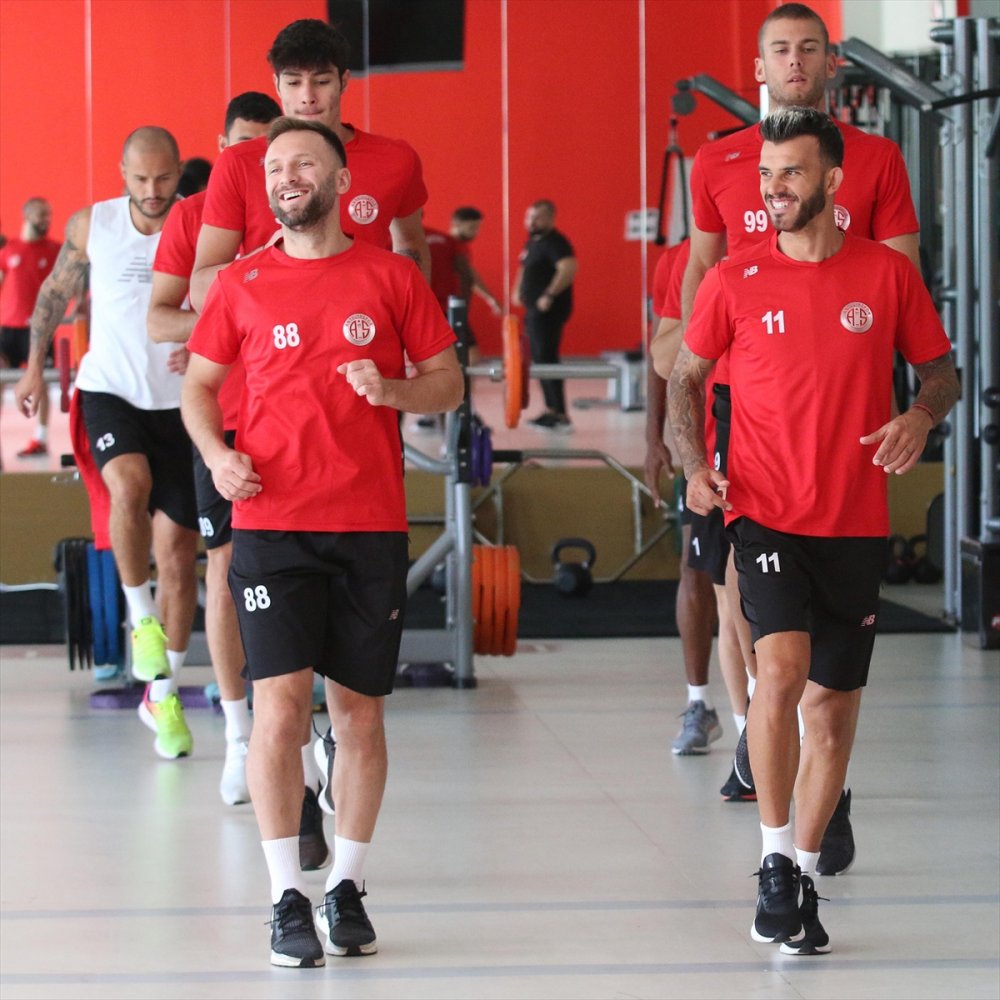 Antalyaspor Günü Çift İdmanla Tamamladı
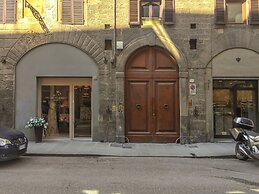 Maggio 54 in Florence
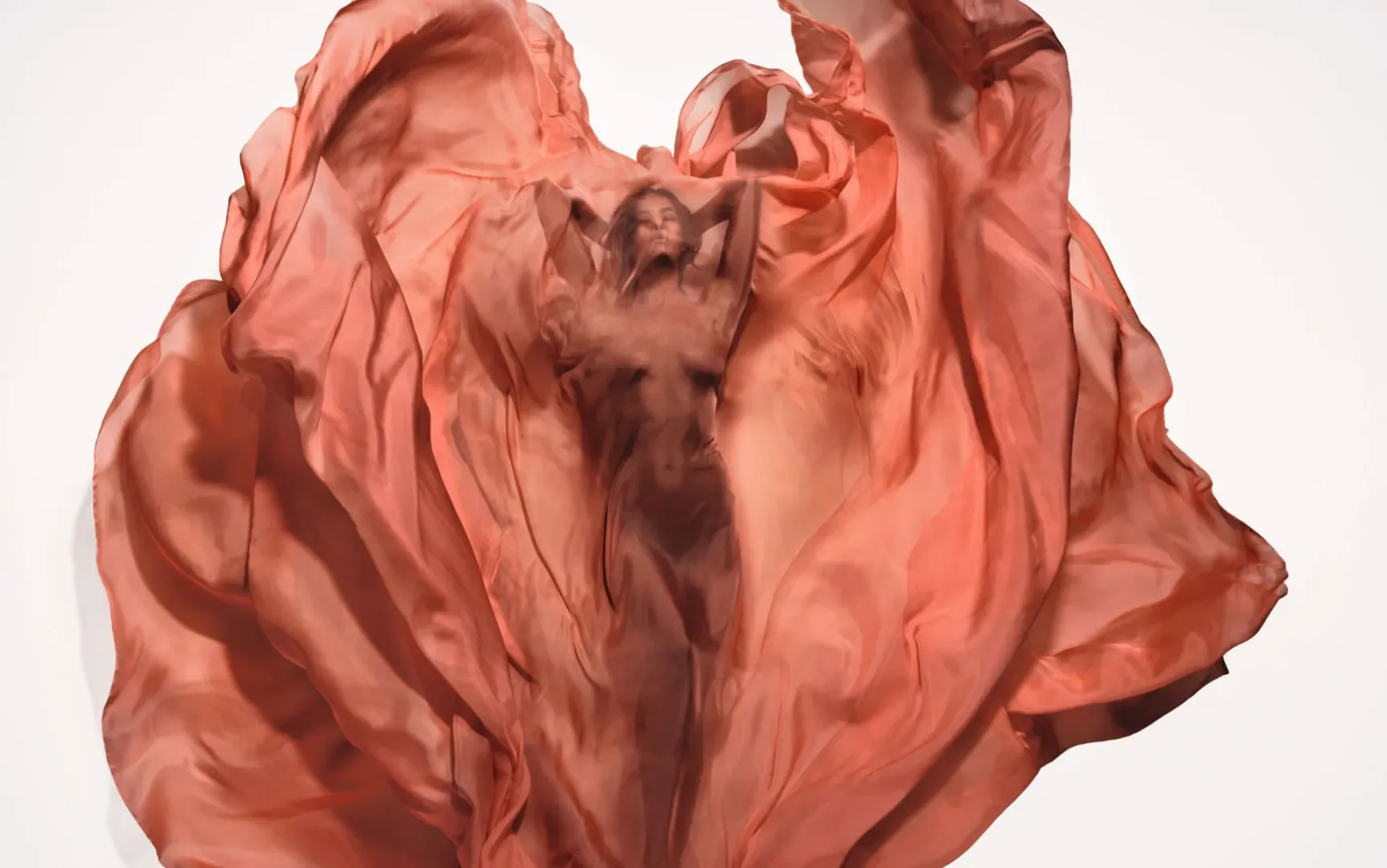 Pirelli rozpala wyobraźnię. Kalendarz „Elements” bez cenzury Kalendarz Pirelli 2026 "Elements". Na zdjęciu Irina Shayk.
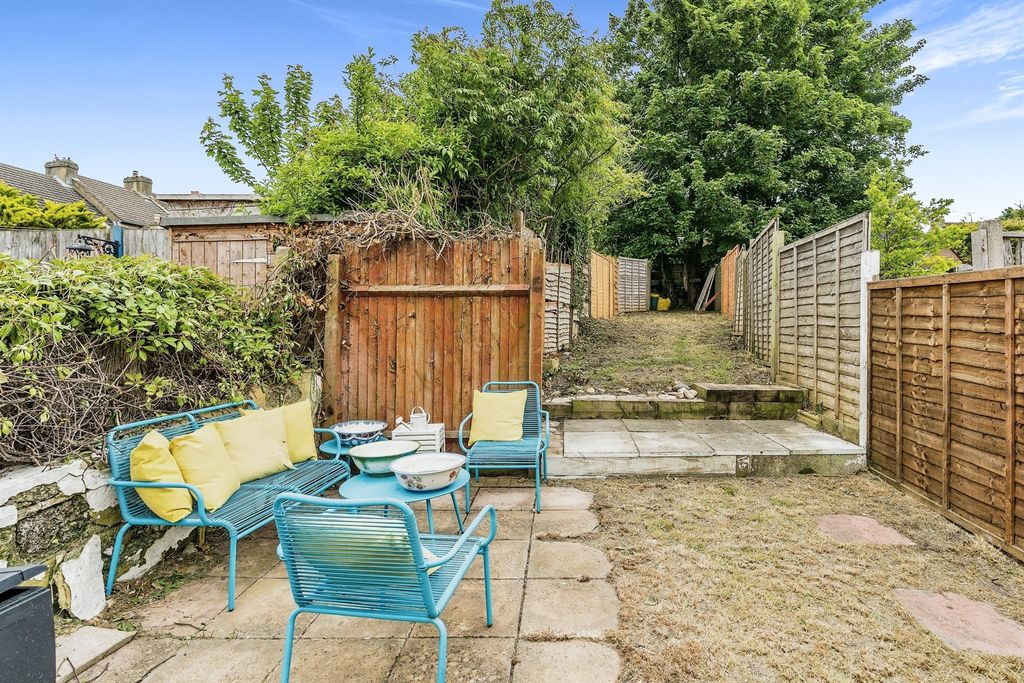 Property photo 3 of 9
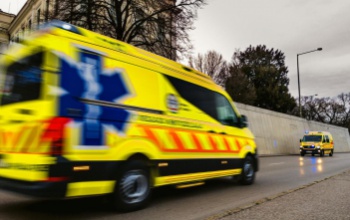 Beteget bántalmazott egy mentős, azonnal elbocsátotta mentőszolgálat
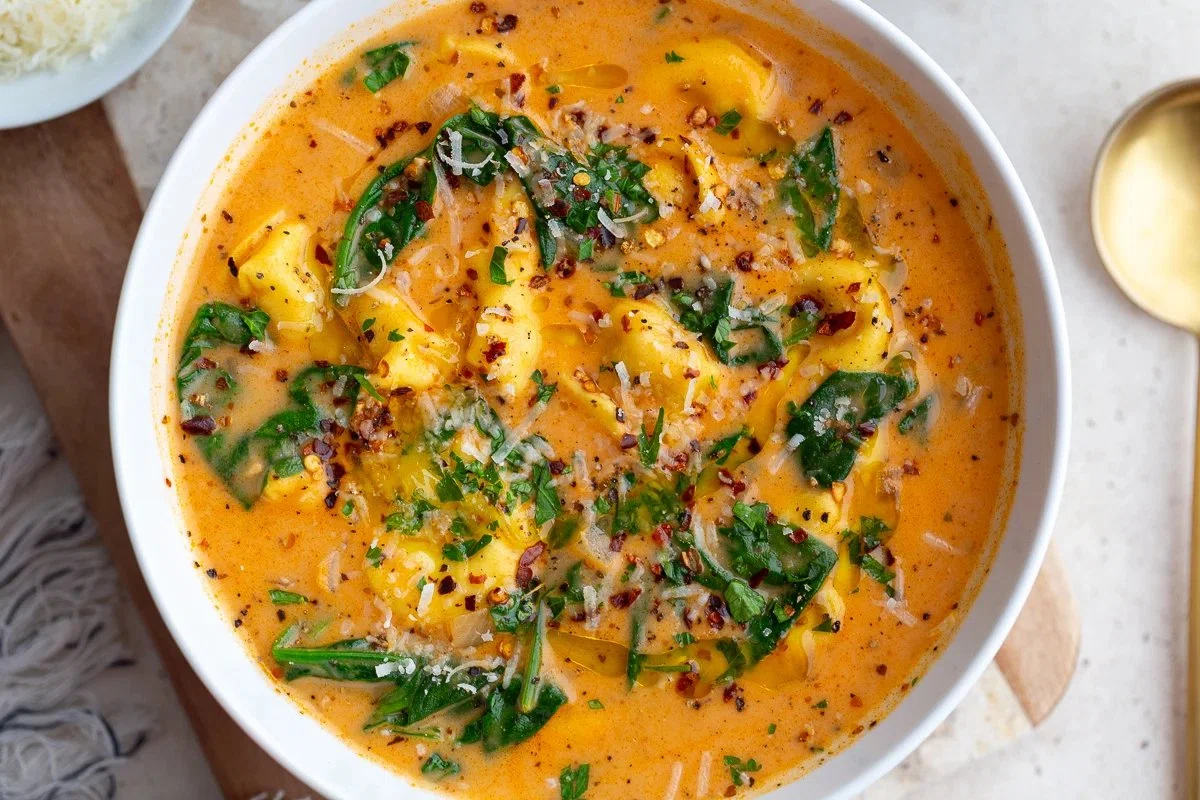 Easy Creamy Tortellini Soup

■ EXERCISE: Having located the line with "Beteget bántalmazott egy", transcribe exactly and only the lines from it to the final line of the material, skipping the pictures.

■ WRITTEN SOLUTION:
 Beteget bántalmazott egy mentős, azonnal elbocsátotta mentőszolgálat
 Easy Creamy Tortellini Soup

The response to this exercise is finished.